*** Block opens ***

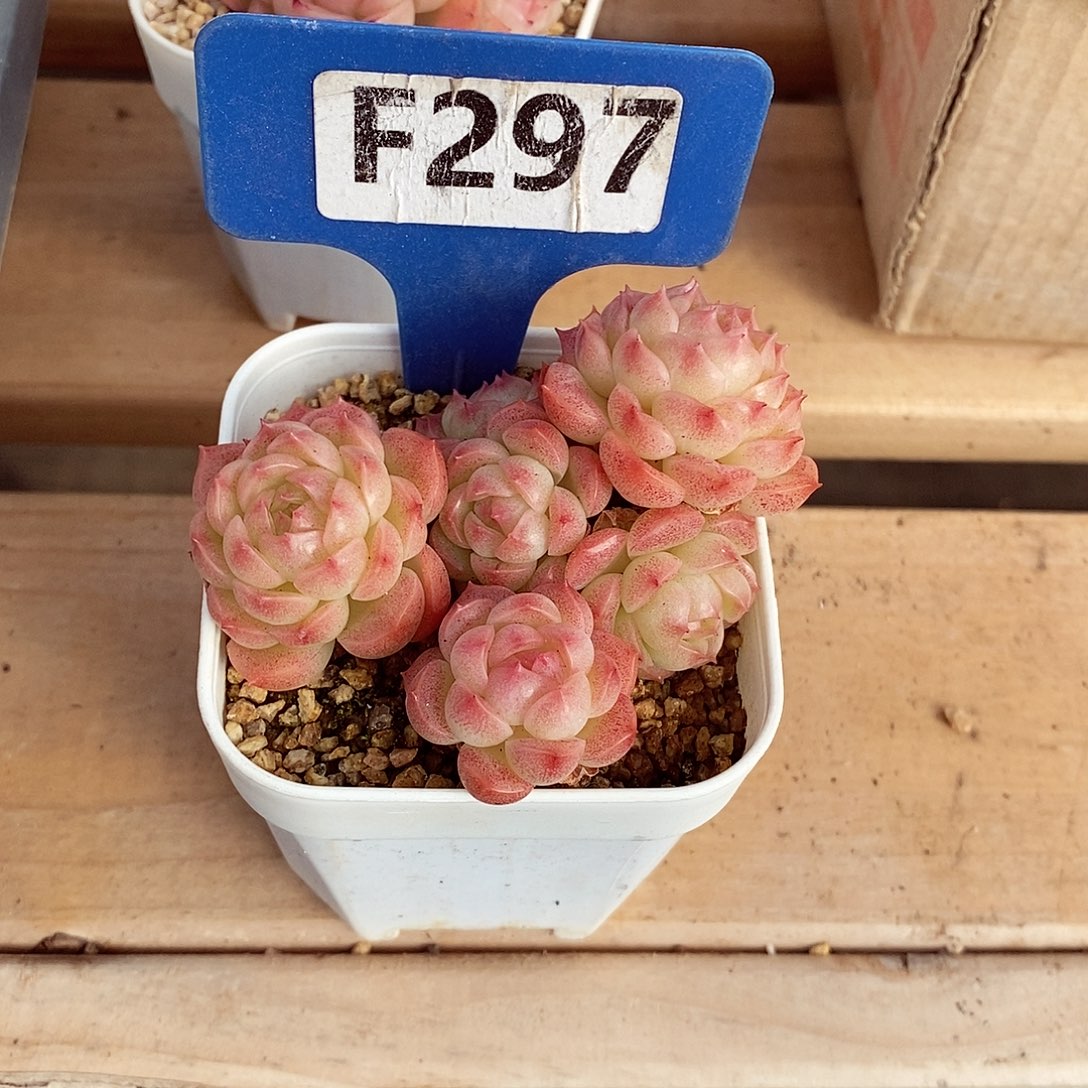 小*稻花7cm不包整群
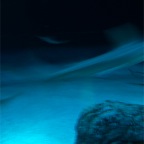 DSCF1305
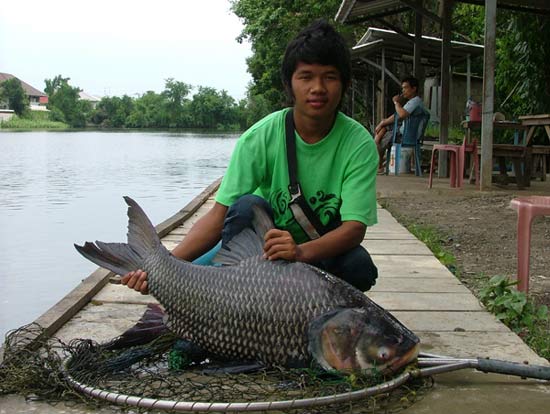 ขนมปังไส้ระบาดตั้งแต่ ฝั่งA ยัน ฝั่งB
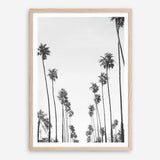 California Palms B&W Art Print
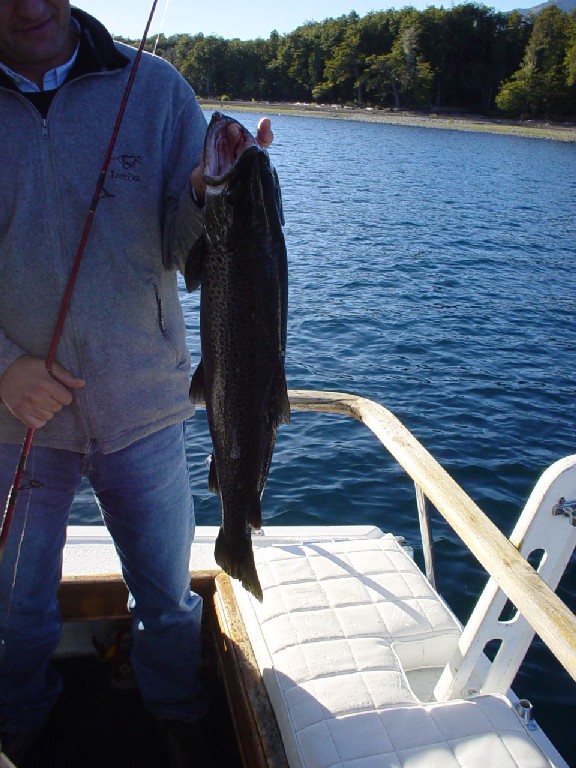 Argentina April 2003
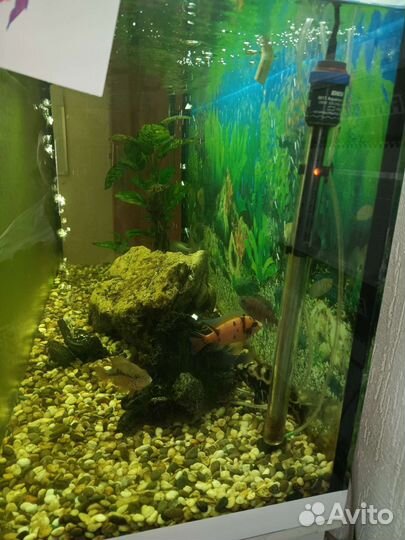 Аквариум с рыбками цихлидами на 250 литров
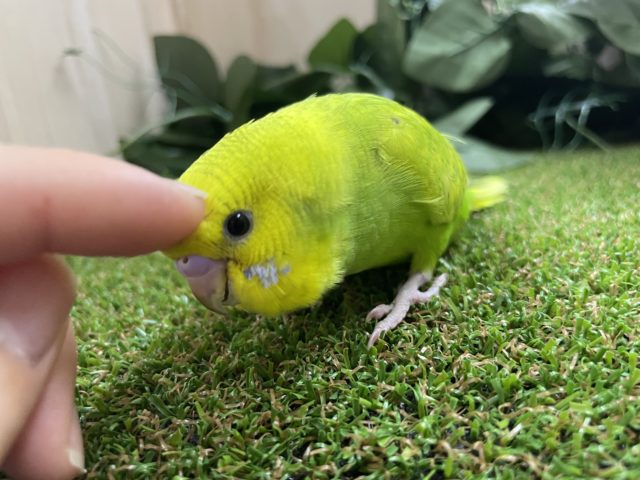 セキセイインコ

*** Block closes ***

An exact copy of the lines from the one with "Argentina April 2003" through the end of the records: produce that and nothing more, leaving out the pictures.

 Argentina April 2003
 Аквариум с рыбками цихлидами на 250 литров
 セキセイインコ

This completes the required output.